Ülkenin düşün ve siyasal yaşamında yeni ve tepkiye açık olan görüşlerini ortaya koyan Baha Tevfik’in dergisi, ilk felsefe dergisidir. Yazılarında inandığı doğruların eylemini yaratmaya çalışmış, yerleşmiş yargıları ve “içi boş şöhretleri” nesnel tartışmanın aydınlığına çıkarmıştır. Kişiliğinin en belirgin yönü, Hilmi Ziya Ülken’in belirttiği gibi, karar verme sorununa örnek olmasıdır. Dergisinin ilk sayısındaki yazılarında görüşlerinin şu temel yargılara dayandığını söyleyebiliriz:
- Bizde bir felsefe dili yoktur.
- Doğu düşün dünyası artık yeni bir ürün veremez.
- Batının üstünlüğünü felsefedeki üstünlüğü yaratmıştır.
- Felsefe ile bilimi kaynaştırmak için ilahiyat ve metafizik gibi şeyleri bırakmak gerekmektedir. Gerçek her zaman her çevrede söylenmelidir.
“ittihat ve Terakki Fırkası”na bağlı düşün adamlarının ırkçı ve turancı görüşlerini eleştirerek yanlış bir ulusallaşma ortamı yaratıldığını öne süren Baha Tevfik, tembellik, ahlaksızlık, medeniyetsizlik gibi ülkenin çağdışı kaldığını gösteren olumsuzlukların ulusal onur, akıncılık, göçebelik, yeniçeri kavgalarından doğduğunu belirtir ve şöyle yazar:
Milliyet adına yalnız bunlara sahibiz, geçmişteki milliyetimizden ne bugünün yenme sebebi, ne zekâ, ticaret istidadı, kültürleşme, ne de garazdan arınmış bir içtimailik, bir ahlâk ve siyaset var. Sözlerime inanmayanlar idamla, siyasi zulümlerle, kardeş ve ana baba katilleriyle, yeniçeri kavgalarıyle dolu olan tarihimizi gözden geçirsinler. Sanat ve âdetler bakımından da aynı sonuçlan elde etmek tabiidir. Dün Turan’ın kaba kelimeleri ile maksatlarını anlatabilen kafalar, bugün aynı vasıta ile medeni ihtiyaçları ifade edemezler. İleri bir kafa, ileri bir dil ister. Şu halde dünkü milliyetin, bugün olduğu gibi diriltilmesi faydalı değil, zararlıdır.

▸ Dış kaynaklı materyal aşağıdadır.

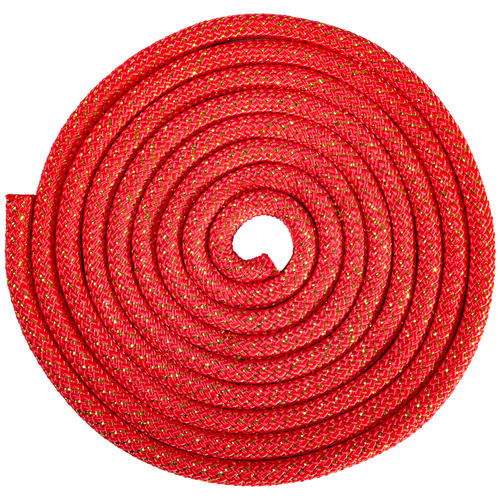 фото Скакалка для художественной гимнастики rgj-304, 3м, красный/золотой, с люрексом amely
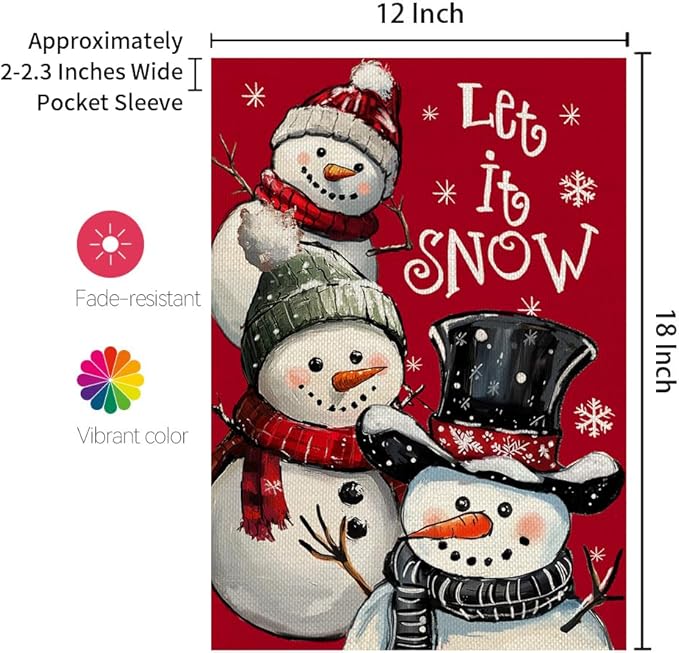 CROWNED BEAUTY Christmas Snowman Garden Flag 12x18 Inch Double Sided Red Xmas Let It Snow Decoration for Outside Yard CF1898-12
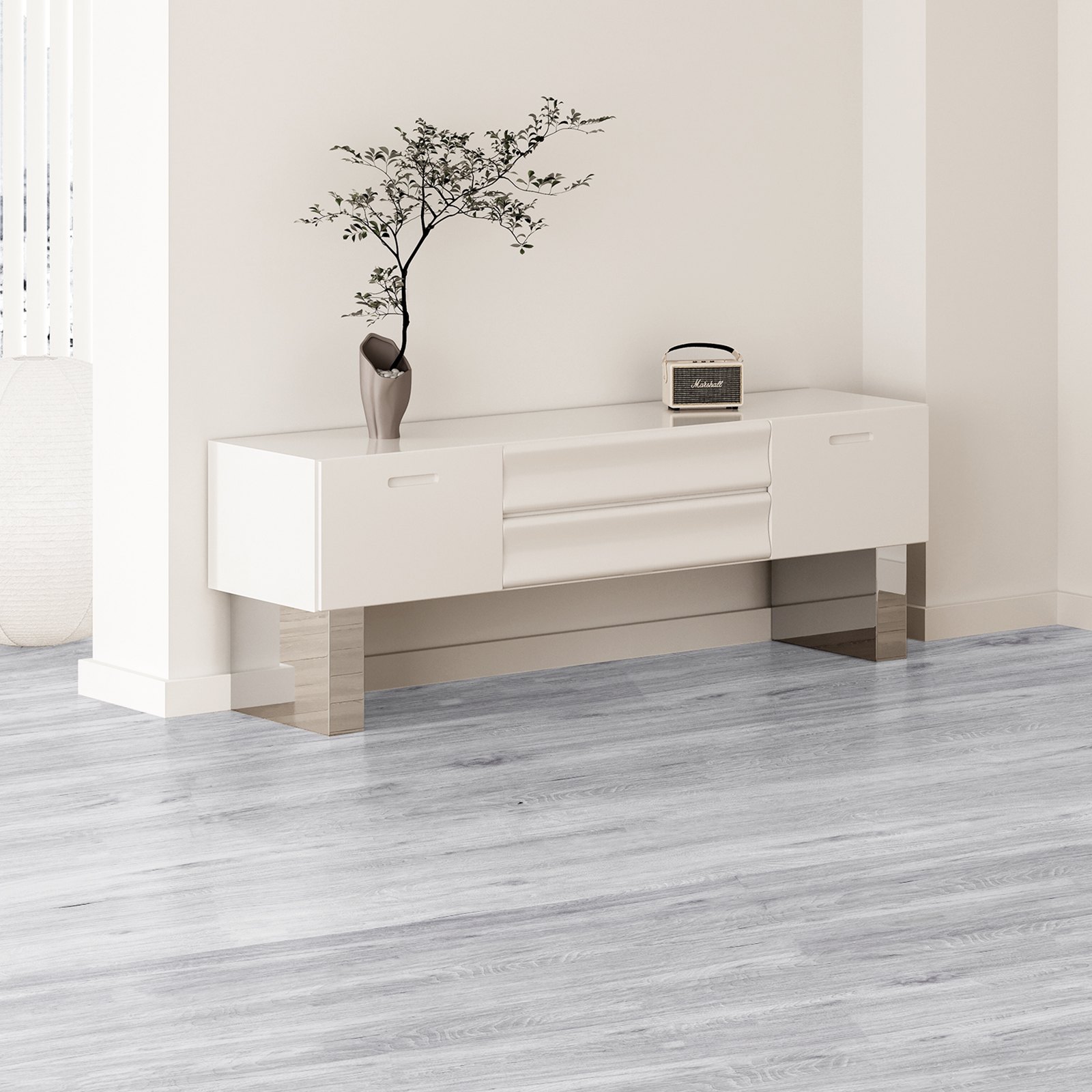 VEVOR Piastrelle per Pavimenti Autoadesive in Vinile 914 x 152 mm 20 Pezzi Spesse 0,62 mm con Venature del Legno Grigio Chiaro per Cucina, Sala da Pranzo, Camere da Letto, per Arredamento della Casa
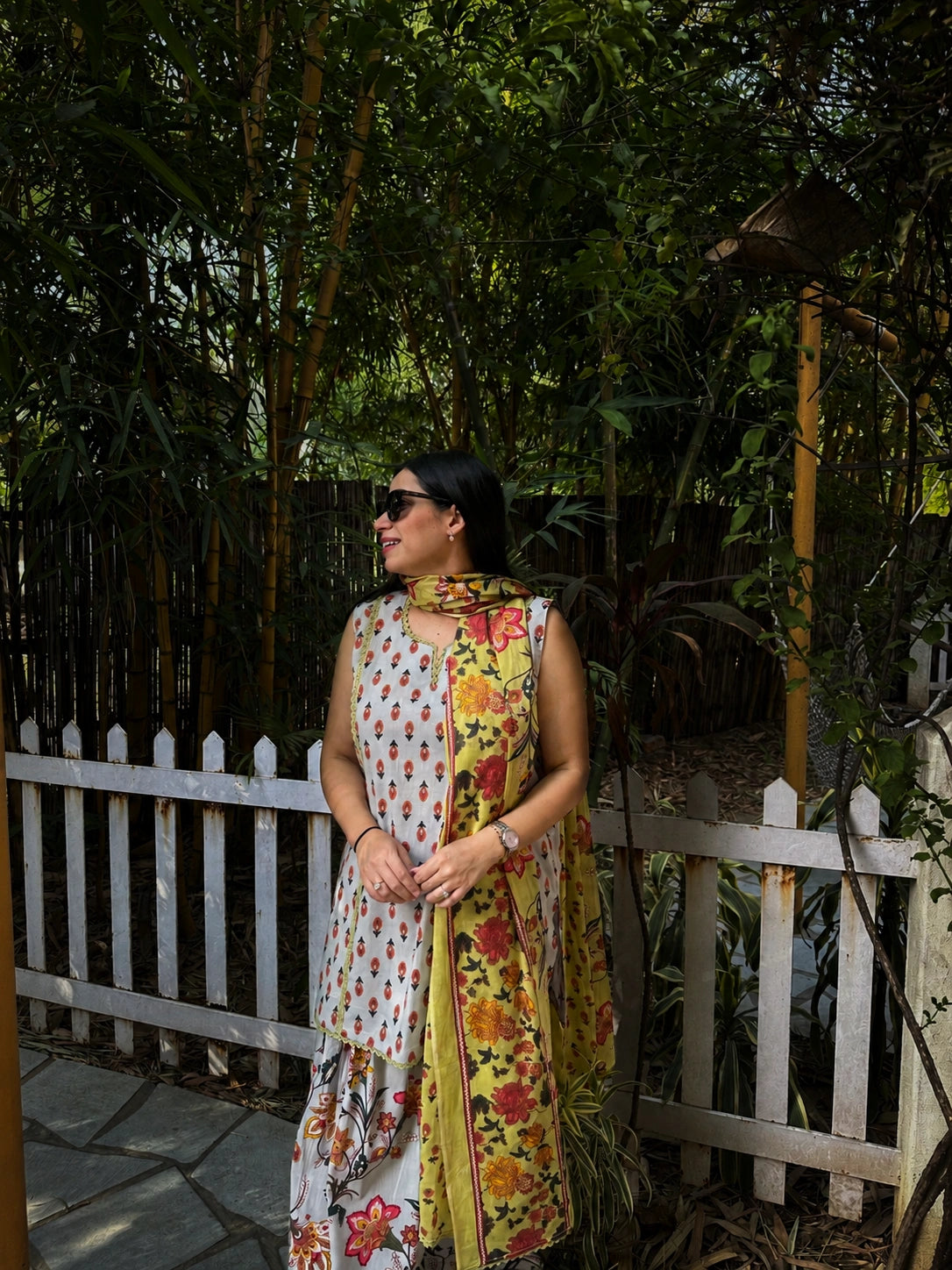 Lia Pastel Blue Farshi Set by Pyoor with contrast green dupatta and cotton comfort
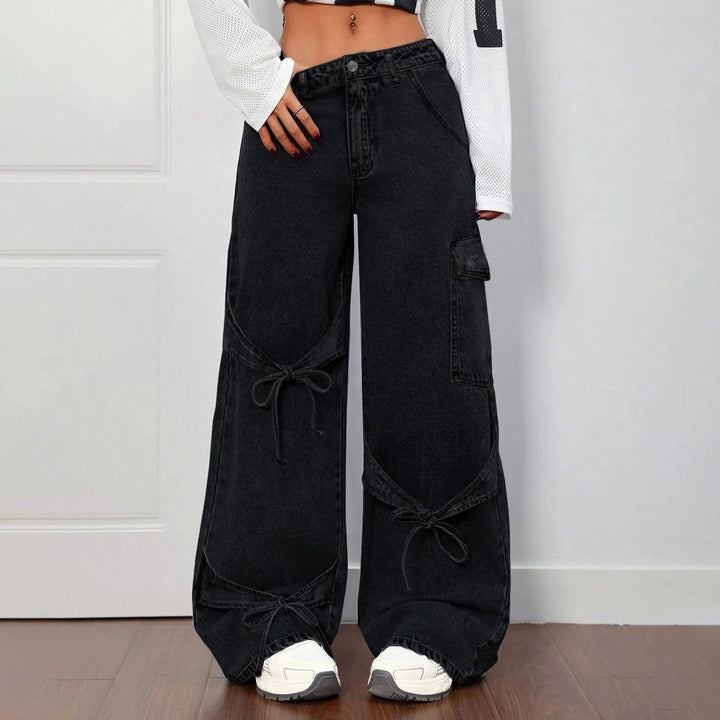 Wide-leg strikdetail jeans dames – Roxy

Baha Tevfik’in materyalizm akımına öncülük ettiği öne sürülen kitabı, Büchner’in Kruft und Stoff (1855) adlı yapıtının çevirisi, Madde ve Kuvvet’ tir. Bu kitabın yazarı Alman düşünür Ludwig Büchner (1824-1899) idealist felsefeye, özellikle Alman idealist felsefesine karşı doğa bilimlerinin kuramlarına dayanan “Vulger materyalizmi”nin kurucularındandır. Tabiat ve Ruh (1876), Altın Çağ (1891), Darvincilik ve Sosyalizm (1894) adlı yapıtlarında, öteki Vulger materyalistleri gibi, insan bilincinin toplumsal bir ürün olduğu ve bütün ruhsal süreçlerin özünün toplumsal varlık tarafından nedensel biçimde belirlendiğini kavrayamadığı kabul edilir.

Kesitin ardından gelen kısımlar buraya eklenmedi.